Ransomware Group: LYNX

VICTIM NAME: Wilkie Sanderson

NOTE: No files or stolen information are [exfiltrated/downloaded/taken/hosted/seen/reposted/disclosed] by RedPacket Security. Any legal issues relating to the content of the files should be directed at the attackers directly, not RedPacket Security. This blog is simply posting an editorial news post informing that a company has fallen victim to a ransomware attack. RedPacket Security is in no way affiliated or aligned with any ransomware threat actors or groups and will not host infringing content. The information on this page is fully automated and redacted whilst being scraped directly from the LYNX Onion Dark Web Tor Blog page.

AI Generated Summary of the Ransomware Leak Page

The ransomware leak page pertains to an incident involving the manufacturing company associated with the victim, Wilkie Sanderson, located in the United States. The attack was detected on May 21, 2025, and the compromised data was publicly disclosed on the dark web on June 2, 2025. The attackers claim to have exfiltrated sensitive internal data, which has been made available for download via the provided link. The leak appears to involve confidential documents or internal information, although specific details are not disclosed to the public. The page includes a screenshot that may show internal notes or data, but no explicit sensitive information is shared. This attack highlights ongoing cybersecurity threats in the manufacturing sector, especially around data exfiltration and ransomware extortion tactics.

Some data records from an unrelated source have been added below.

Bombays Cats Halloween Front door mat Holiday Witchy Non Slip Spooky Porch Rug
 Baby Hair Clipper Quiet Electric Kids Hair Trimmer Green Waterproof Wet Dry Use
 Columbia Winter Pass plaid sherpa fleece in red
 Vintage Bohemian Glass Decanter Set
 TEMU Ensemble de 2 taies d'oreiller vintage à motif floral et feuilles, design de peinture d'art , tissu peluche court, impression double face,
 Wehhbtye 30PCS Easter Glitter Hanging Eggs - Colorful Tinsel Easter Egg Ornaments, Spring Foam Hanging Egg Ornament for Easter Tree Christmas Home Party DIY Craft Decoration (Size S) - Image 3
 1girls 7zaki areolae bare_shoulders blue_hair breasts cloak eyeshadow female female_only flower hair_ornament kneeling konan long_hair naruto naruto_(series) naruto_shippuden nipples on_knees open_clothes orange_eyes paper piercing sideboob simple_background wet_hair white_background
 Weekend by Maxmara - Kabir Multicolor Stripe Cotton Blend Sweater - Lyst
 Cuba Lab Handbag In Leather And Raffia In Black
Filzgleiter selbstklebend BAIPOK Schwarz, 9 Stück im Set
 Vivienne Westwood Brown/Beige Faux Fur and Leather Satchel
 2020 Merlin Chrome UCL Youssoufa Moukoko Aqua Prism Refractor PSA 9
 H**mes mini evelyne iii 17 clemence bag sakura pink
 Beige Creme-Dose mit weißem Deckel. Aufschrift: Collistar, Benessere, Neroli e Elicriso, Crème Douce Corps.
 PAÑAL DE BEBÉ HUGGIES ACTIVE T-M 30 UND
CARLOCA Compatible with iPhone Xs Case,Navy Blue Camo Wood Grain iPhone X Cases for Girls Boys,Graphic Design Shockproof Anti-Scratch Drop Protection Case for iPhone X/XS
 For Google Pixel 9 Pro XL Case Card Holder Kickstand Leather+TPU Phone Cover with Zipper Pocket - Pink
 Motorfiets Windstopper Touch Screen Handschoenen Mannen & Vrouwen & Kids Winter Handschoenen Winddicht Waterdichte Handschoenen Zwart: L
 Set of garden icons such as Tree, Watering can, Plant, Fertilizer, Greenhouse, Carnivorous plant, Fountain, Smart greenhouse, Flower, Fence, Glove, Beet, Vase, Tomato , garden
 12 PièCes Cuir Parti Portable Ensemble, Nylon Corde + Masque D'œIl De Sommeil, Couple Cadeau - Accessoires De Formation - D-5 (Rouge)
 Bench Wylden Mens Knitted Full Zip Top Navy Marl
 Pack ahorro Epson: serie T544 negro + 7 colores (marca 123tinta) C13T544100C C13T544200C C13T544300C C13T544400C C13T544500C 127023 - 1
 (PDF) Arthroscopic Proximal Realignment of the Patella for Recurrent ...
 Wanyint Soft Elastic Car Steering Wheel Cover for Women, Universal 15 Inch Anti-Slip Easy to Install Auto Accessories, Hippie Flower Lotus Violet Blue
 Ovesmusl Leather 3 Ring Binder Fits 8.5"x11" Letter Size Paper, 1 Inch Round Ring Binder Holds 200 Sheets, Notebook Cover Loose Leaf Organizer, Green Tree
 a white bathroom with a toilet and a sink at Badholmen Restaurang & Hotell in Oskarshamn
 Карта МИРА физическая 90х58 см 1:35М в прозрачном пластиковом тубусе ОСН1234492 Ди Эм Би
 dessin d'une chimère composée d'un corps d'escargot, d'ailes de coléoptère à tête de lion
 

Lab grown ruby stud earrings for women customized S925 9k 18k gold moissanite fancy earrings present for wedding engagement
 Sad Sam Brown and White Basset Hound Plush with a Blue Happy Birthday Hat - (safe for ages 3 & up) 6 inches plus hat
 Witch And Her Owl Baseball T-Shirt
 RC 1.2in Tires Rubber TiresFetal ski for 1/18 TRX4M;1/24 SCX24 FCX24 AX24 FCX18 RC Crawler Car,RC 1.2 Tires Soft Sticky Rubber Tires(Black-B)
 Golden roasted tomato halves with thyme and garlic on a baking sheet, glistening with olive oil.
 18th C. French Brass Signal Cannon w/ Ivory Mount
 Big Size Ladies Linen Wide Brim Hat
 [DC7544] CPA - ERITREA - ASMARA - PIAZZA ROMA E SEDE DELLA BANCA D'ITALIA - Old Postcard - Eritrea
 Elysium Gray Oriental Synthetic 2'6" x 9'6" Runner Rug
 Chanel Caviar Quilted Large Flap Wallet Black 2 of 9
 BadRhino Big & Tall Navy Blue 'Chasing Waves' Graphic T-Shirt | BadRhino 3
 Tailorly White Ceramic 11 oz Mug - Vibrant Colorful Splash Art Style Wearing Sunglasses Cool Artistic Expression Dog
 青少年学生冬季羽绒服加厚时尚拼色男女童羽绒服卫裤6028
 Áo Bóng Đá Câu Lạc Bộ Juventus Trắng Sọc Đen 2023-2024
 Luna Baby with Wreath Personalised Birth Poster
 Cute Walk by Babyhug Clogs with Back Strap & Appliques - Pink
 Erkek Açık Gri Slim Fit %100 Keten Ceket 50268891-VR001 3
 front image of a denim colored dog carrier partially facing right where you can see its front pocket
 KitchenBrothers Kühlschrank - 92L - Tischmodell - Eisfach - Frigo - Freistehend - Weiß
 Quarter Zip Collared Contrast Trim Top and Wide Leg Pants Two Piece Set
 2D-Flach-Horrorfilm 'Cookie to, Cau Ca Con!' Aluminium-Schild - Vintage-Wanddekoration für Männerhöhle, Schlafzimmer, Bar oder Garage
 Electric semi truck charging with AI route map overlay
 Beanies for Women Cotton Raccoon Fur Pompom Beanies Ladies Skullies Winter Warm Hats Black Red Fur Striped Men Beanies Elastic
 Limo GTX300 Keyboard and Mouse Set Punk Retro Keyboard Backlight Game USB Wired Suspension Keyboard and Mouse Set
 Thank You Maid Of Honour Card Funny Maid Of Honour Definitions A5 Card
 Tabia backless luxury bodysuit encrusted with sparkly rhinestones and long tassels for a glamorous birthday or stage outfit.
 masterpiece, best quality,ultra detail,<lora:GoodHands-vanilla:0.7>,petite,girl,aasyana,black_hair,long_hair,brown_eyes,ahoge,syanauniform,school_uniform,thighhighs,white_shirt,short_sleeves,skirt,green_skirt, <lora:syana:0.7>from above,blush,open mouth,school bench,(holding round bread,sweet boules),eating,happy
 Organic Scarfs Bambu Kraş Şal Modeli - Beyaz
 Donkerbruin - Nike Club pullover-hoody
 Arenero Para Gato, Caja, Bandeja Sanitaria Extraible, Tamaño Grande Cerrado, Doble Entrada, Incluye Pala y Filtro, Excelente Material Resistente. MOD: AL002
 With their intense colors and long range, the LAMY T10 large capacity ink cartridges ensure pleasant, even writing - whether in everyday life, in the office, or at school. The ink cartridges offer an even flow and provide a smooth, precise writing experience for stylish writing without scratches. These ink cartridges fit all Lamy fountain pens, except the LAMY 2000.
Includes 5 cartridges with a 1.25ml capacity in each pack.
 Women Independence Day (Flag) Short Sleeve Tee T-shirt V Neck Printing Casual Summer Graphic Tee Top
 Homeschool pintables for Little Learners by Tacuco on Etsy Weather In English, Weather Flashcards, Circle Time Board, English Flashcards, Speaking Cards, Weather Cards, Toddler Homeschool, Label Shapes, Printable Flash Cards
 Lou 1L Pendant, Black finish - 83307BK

The incident involves a claim by a group identified as “lynx.” The leak’s primary purpose appears to be showcasing the exfiltrated data to pressure the victim into complying with demands or as part of extortion activities. The description states, “On time. Every time,” which may be a slogan or a generic phrase used by the attackers. The leak portal provides a claim URL for further verification or negotiation, but no personally identifiable information or company-specific details are disclosed publicly. A relevant screenshot demonstrates the nature of the data leak, likely depicting internal data or documents. The incident underscores the persistent cyber threats faced by manufacturing companies, with attackers leveraging ransomware to extract valuable business information.”